An introduction: What is the BP reading?

July 2, 2015 in abstract

This is a blog about abstracting in medicine. How we summarise. What do we mean and what do we actually know. It is all too often that we say things, the meaning of which we have forgotten.

When we listen to a patient we are abstracting from what they say, collating the salient points. We can leave things out and we can give undue importance to parts of their speech ( perhaps). Summarising a patient’s history is an art in abstracting information.
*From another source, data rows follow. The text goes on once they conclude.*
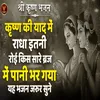 About Radha Etani Roi Kis Sare Braj Song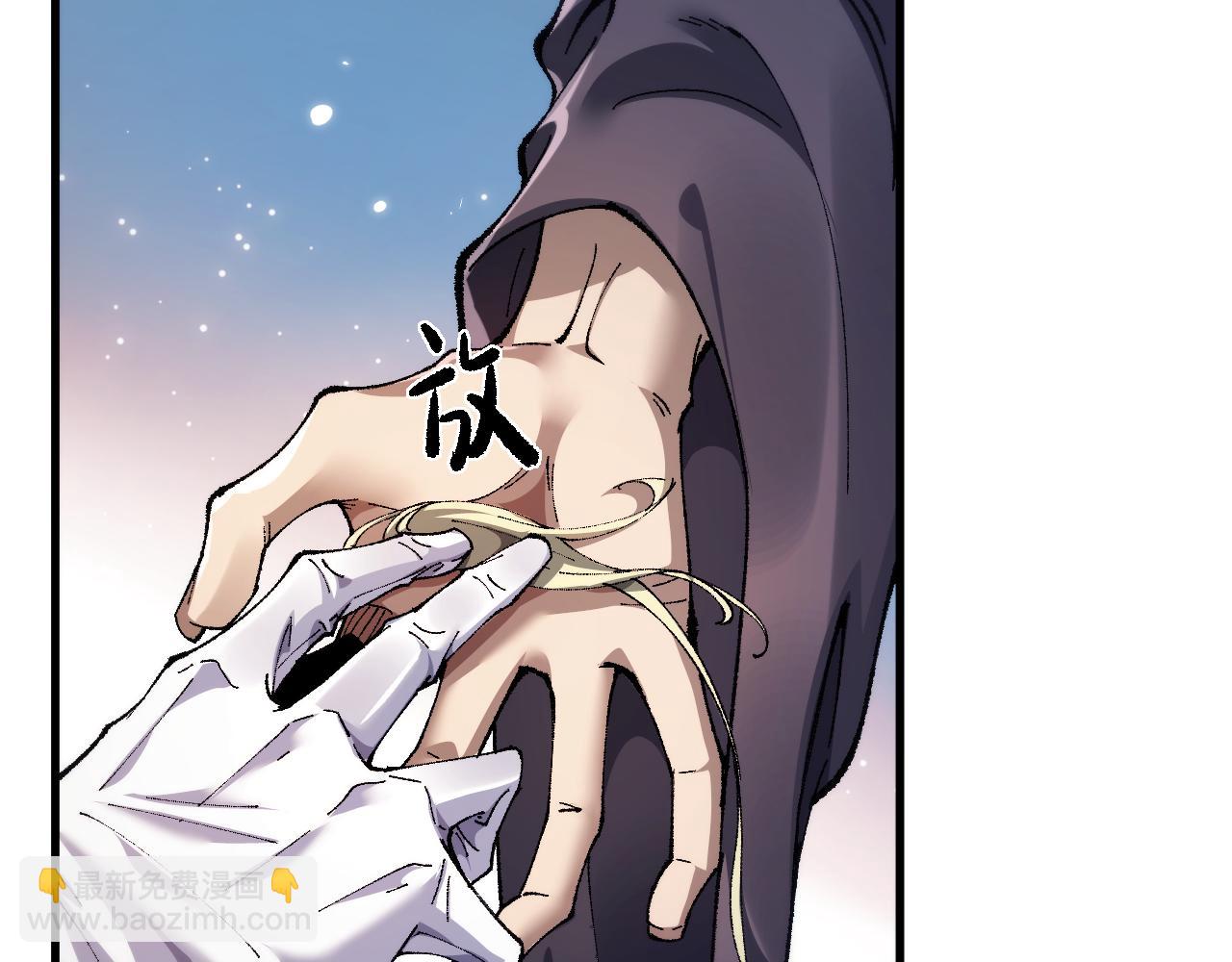 第27话 万万没想到(1/3)-第27话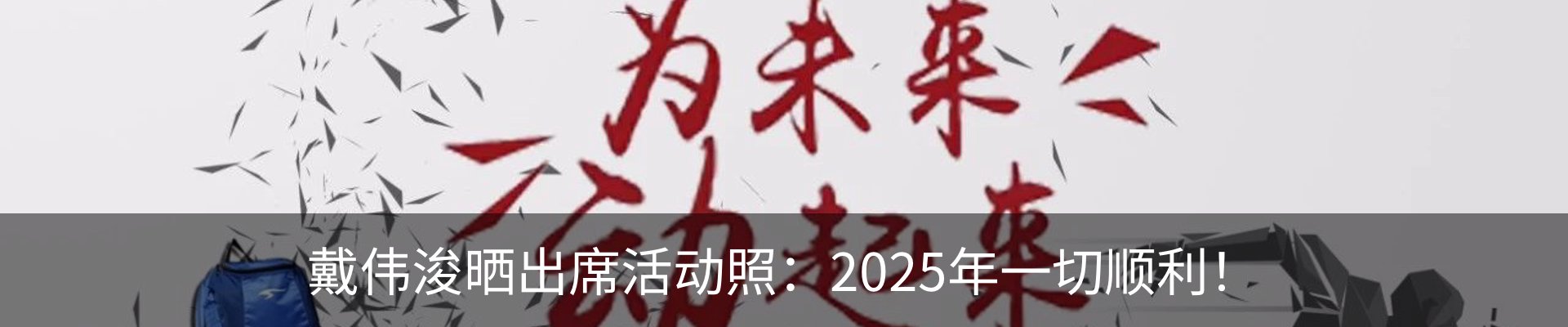 行业资讯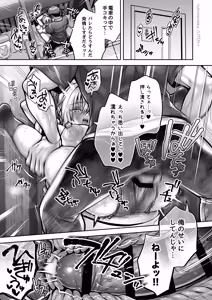 Page 613 of 俺の親友はTS(性転換)体質 総集編2 - preview thumbnail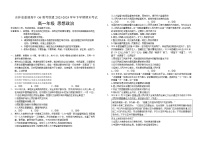 吉林省普通高中G6教考联盟2023-2024学年高一下学期期末考试政治试题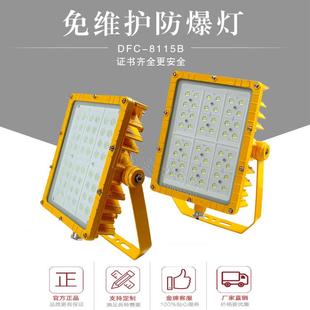 防爆泛光灯IP66防水防尘150W防爆LED投光灯价格加油站防爆吸顶灯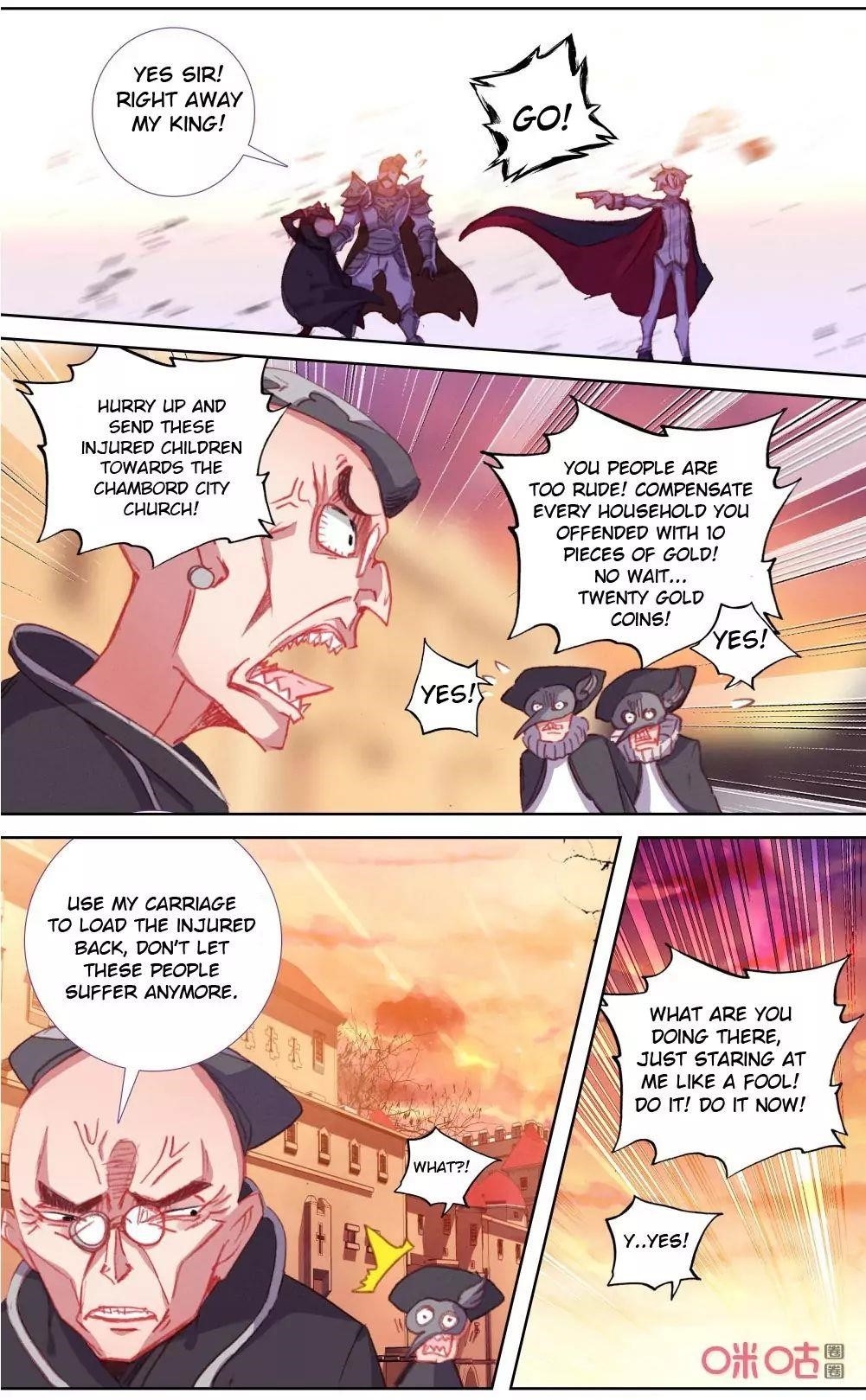 Page 6 of Chapter 118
We also need to impart information. To do this we need to first learn facts from the “evidence base”. How good is the data in this “ evidence base”? Is the data honest and does it reflect a true representation of the disease process in humans? We draw information in , process it and then we have to present it to our patient. We usually do this in a very few words. This is abstracting too.

I will go as far as to say that the essential art of being a doctor is about how you abstract information, use it and manipulate it. It therefore goes without saying that we need to be very aware of how we record and relay information.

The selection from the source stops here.